Worcestershire Acute Hospitals NHS Trust and Leeds Teaching Hospitals NHS Trust have gone live with a new electronic discharge system from Bluespier.
The company says it has worked closely with the two trusts, which have been customising the module for their own use. It is linked with the admission and discharge processes on the trusts’ patient administration systems via an online HL7 interface.
The company says the system fully integrates with both doctor and pharmacy processes, tracks prescribed drugs from entry by the doctor to authorisation, and deals with pharmacy validation, dispensing and several levels of checking in pharmacy and on the wards.
Drug lists can also be customised to each doctor or speciality and can use the NHS DM+D (Dictionary of Medicines and Devices) drug lists and updates or can import local formularies.
Michael Mansfield, a physician and clinical director of acute medicine at Leeds, said: “In the acute medical unit, it allows us to quickly check the status of discharges, ensuring discharge information gets to GPs speedily even when patients require no discharge medication.
“We can quickly find information about previous admissions to our unit as well as pending outpatient appointments in other services.”
In Leeds, the final discharge letters will be sent electronically to GPs via Indigo 4 in the Kettering format.
In Worcester, a GP link is being developed. The interface will take advantage of inter-operability work being carried out in conjunction with the trust’s interface team, and will allow any document to be sent directly to GPs via Docman.
John Thornbury, director of ICT at Worcestershire Health added: “All those involved both at the trust and within Bluespier have put in a great effort to develop the processes, interfaces and make necessary configuration changes in Bluespier to enable the interoperability that we are striving towards.”

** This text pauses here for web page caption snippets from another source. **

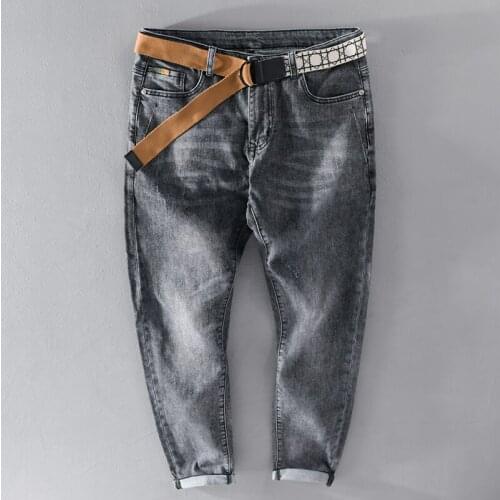 Suehaiwe Mens Jeans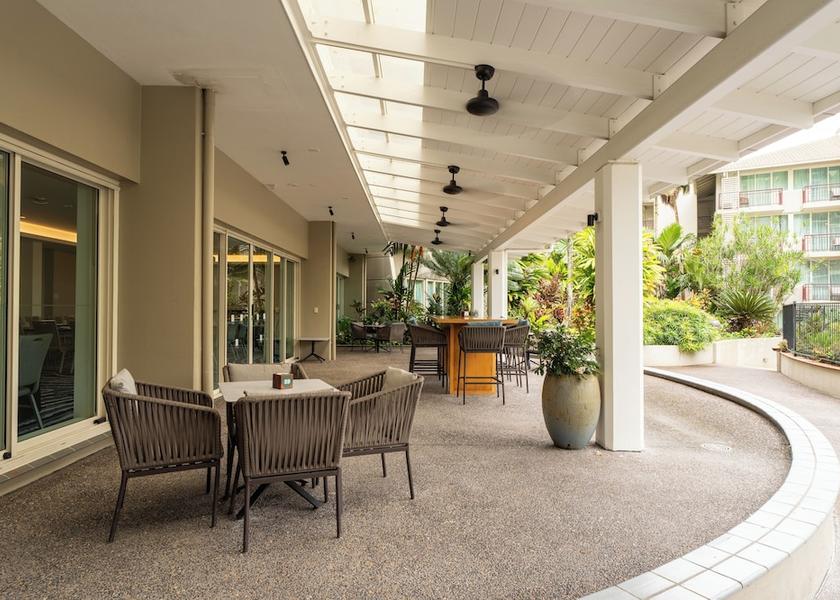 Queensland Cairns Terrace/patio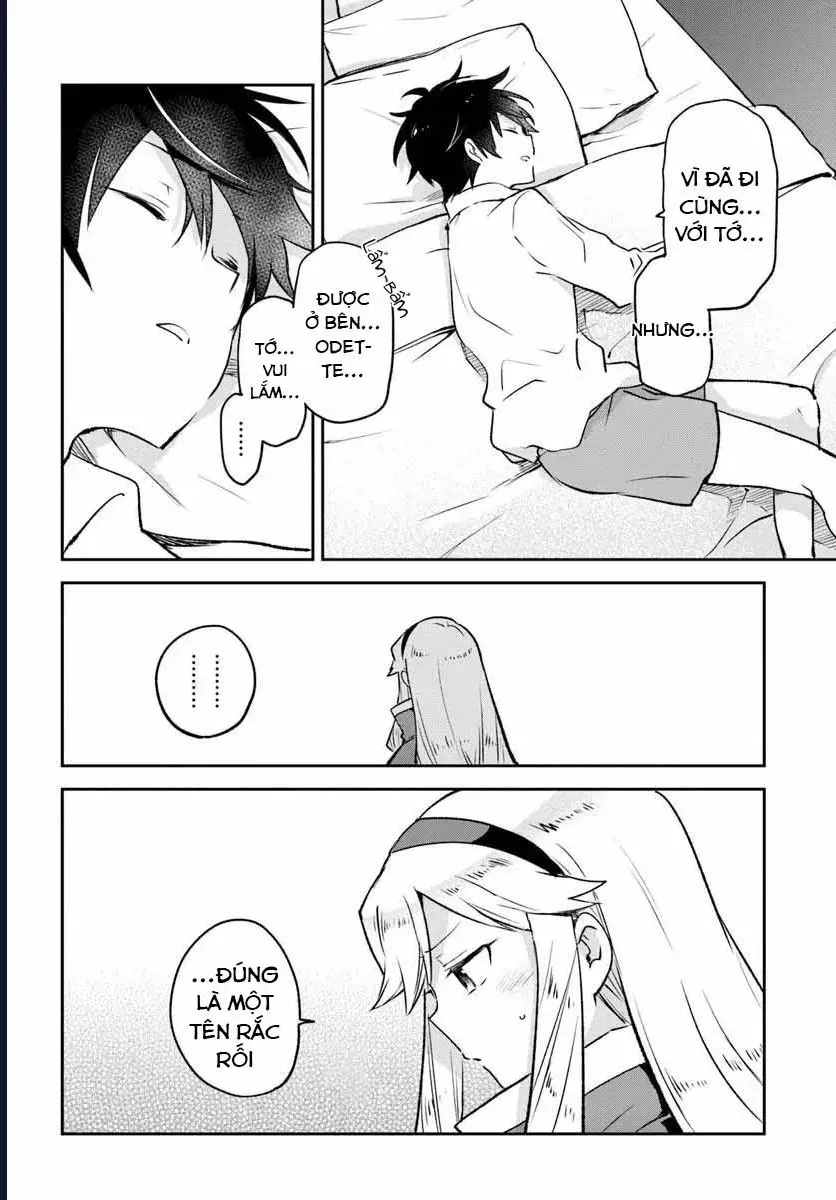 Ma Vương Tái Sinh Trở Thành Pháp Sư Mạnh Nhất Chapter 44 - 23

The news comes as the Care Quality Commission published its first annual report on the state of care in England detailing that almost 50% of GPs are not receiving discharge summaries from acute trusts in time for them to be useful.
Prior to the report, EHI identified that almost as few as 20% of acute trusts could be delivering discharge summaries within 24 hours by 1 April, despite a contractual obligation to do so.